Compte rendu du 1er décembre 2011


1er décembre 2011

. : Constitution d’une commission pédagogique et d’un collectif de musiciens et danseurs autour du projet "collecte sur le plateau ardéchois" à Privas (07) :.

Ouverte à tout musicien ou danseur intéressé par le Collectage en Vivarais

Plus de renseignements : 06 71 99 61 85 ou

famdta@famdt-ardeche.fr

PROJET Collecte de la mémoire du Plateau Ardéchois

Bas de page : Comptes rendus de réunion Définition du projet

Recherches, collectes, inventaires et publications autour des musiques traditionnelles recueillies sur le plateau ardéchois

Les traditions musicales du Plateau ardéchois L’Ardèche ou le Vivarais a toujours bénéficié d’une situation particulière de zone de contact entre la vallée du Rhône, le Dauphiné voisin et l’Est du Massif Central (Haute Loire, Lozére…). Bien que l’identité de ses habitants ne se soit pas forgée essentiellement sur la musique (il n’y a pas de groupe folklorique très ancien dans ces régions, peu de politique de valorisation…) celle ci reste, essentiellement par le chant et la danse, un marqueur culturel important surtout dans la région du plateau ardéchois. Par l’appellation Plateau ardéchois nous désignons la limite ouest du département qui épouse à quelques nuances prés la corniche des Cévennes. De Saint Agréve au lac d’Issarlés, de Coucouron à Saint Cirgues en montagne, des forêts de Mazan et de Beauzon, de Saint Etienne de Lugdarés aux limites de la Lozére…Cette région est restée jusqu’à ces dernières années un peu à l’écart des grands bouleversements économiques et sociaux et son tissu social, liée aux activités agricoles ou forestières reste relativement homogène. Vincent d’INDY dans ses chansons populaires du Vivarais, et plus prés de nous les collectes contemporaines ponctuelles ont démontré l‘intérêt et la permanence de pratiques musicales originales : Par exemple les chansons de mai sont encore bien présentes dans la mémoire collective et l’on peut en collecter encore très facilement. De même la permanence de la bourrée chantée « au tra la la » témoigne de l’ancienneté de cette tradition dans la région, certainement antérieure aux pratiques instrumentales plus récentes (accordéon, cabrette…). La langue d’OC, avec ses variantes régionales, de la plaine au plateau, est au cœur de notre enquête, elle reste l’un des éléments caractéristiques de ces régions qui conservent un bon nombre de locuteurs.

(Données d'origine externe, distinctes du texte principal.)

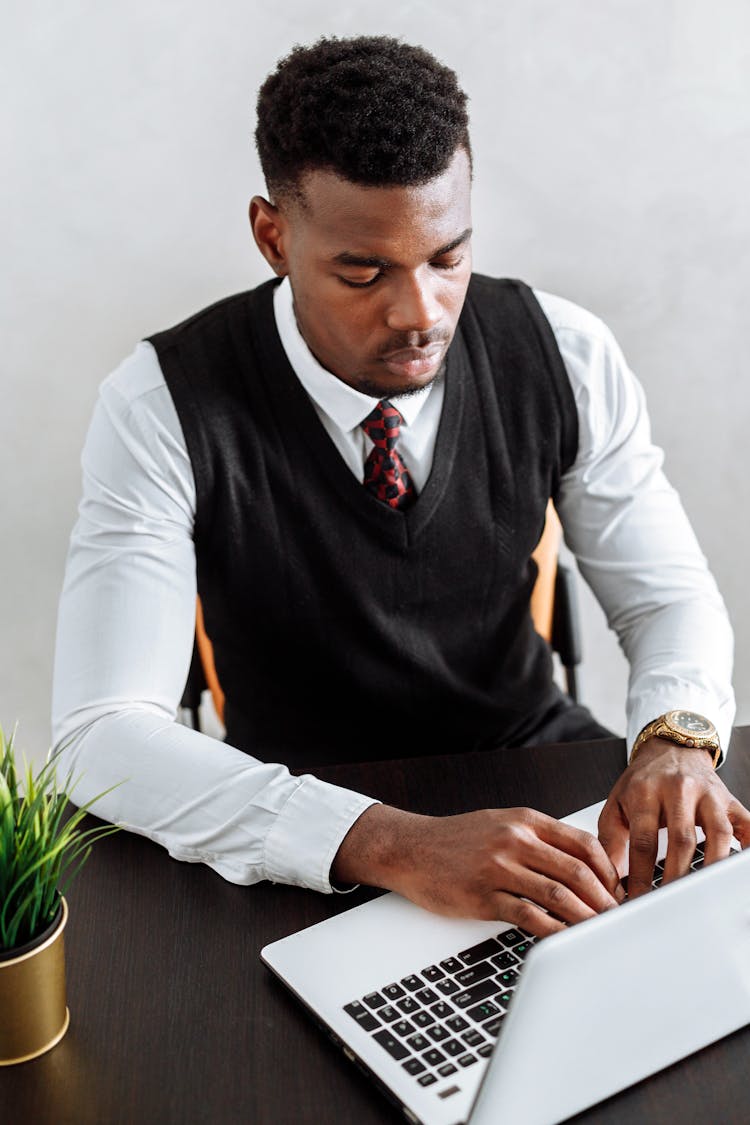 Man In Black Vest Using A Laptop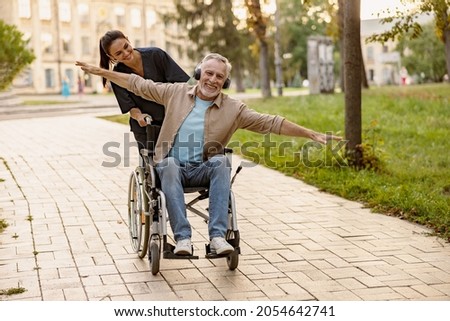 Joyful mature disabled man in wheelchair wearing headphones having fun during a walk in the city assisted by lovely young nurse Royalty-Free Stock Photo #2054642741
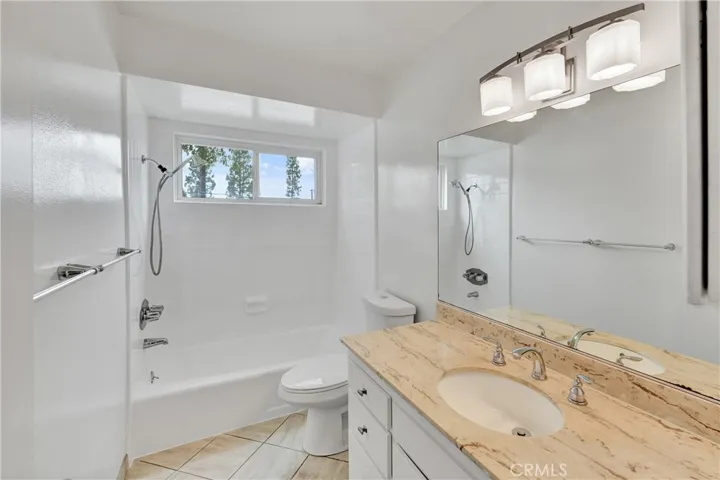 Granite counter top in the bathroom.  Newer vinyl window
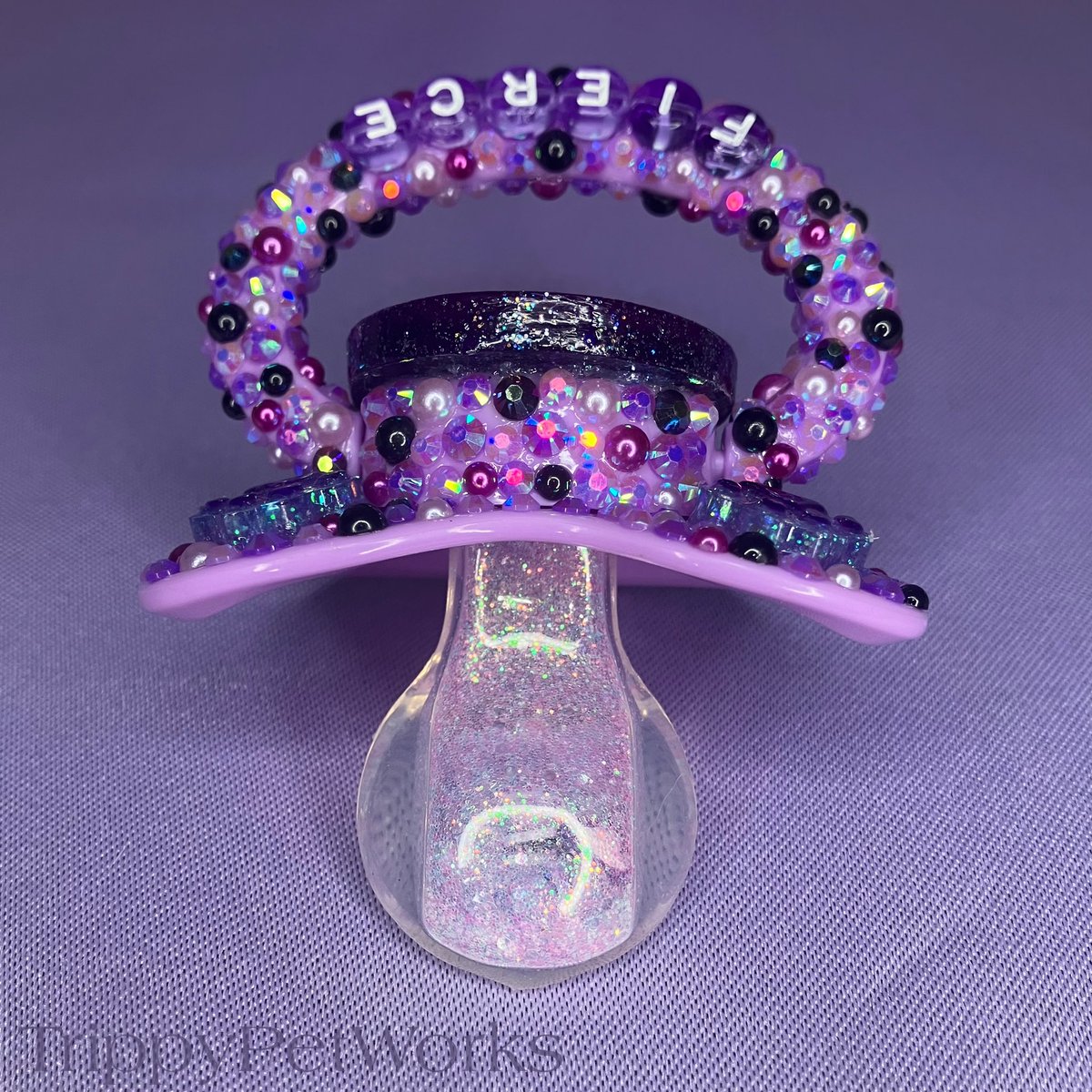 TrippyPetWorks's tweet photo. Clawdeen’s pacifier features a Completely Handmade resin centerpiece and dangle charm! Resin paw charms &amp; A unique black and purple Rhinestone/ faux pearl design! A purple Glitter filled I-spy nipple with purple paws &amp; Purple Hearts. Always durable for worry-Free Use!˚𝜗𝜚˚⋆ https://t.co/YZfRYOa3Cw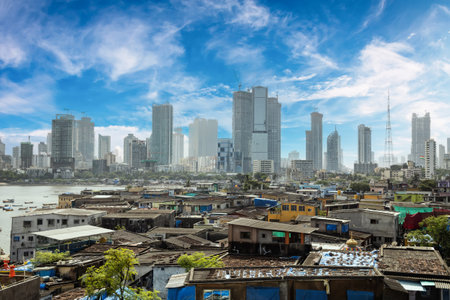 Views of slums on the shores of Mumbai, India against the backdrop of skyscrapers under...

Principaux axes de recherches :

1) Recensement des archives sonores et audio visuelles privées disponibles En plus des fonds personnels des collecteurs des années 70-80 relativement importants, il existe de nombreux fonds privés ou associatifs qui demandent à être répertoriés voire copiés : Fond des enquêtes ATP de 1953 et 1964 à répertorier. Fond cassettes audio de l’ émission hebdomadaire « Parlarem en Vivares » contenant de nombreuses chansons chantées en direct.Fond filmés à inventorier de 1939 à nos jours. Les archives écrites disponibles ne seront pas pour autant négligées et elles constitueront un complément ou des éléments de comparaison précieux : Outre Vincent d’Indy, de nombreux pré-ethnologues ont publiés des chansons, danses de l’Ardèche à la fin du XIXéme siécle. Très peu de recherches ont été entreprises sur les fonds originaux de ces précurseurs de nos collectes contemporaines. Fond Vincent d’Indy, fond du Docteur Chaussinand (informateur de Lambert), fond Mazon, Vaschalde…voir bibliothèque départementale de l’Ardèche, Chansons du fond de Victor Smith à la limite Haute loire Ardèche, enquête Fourtoul, enquête inédite de Van Gennep…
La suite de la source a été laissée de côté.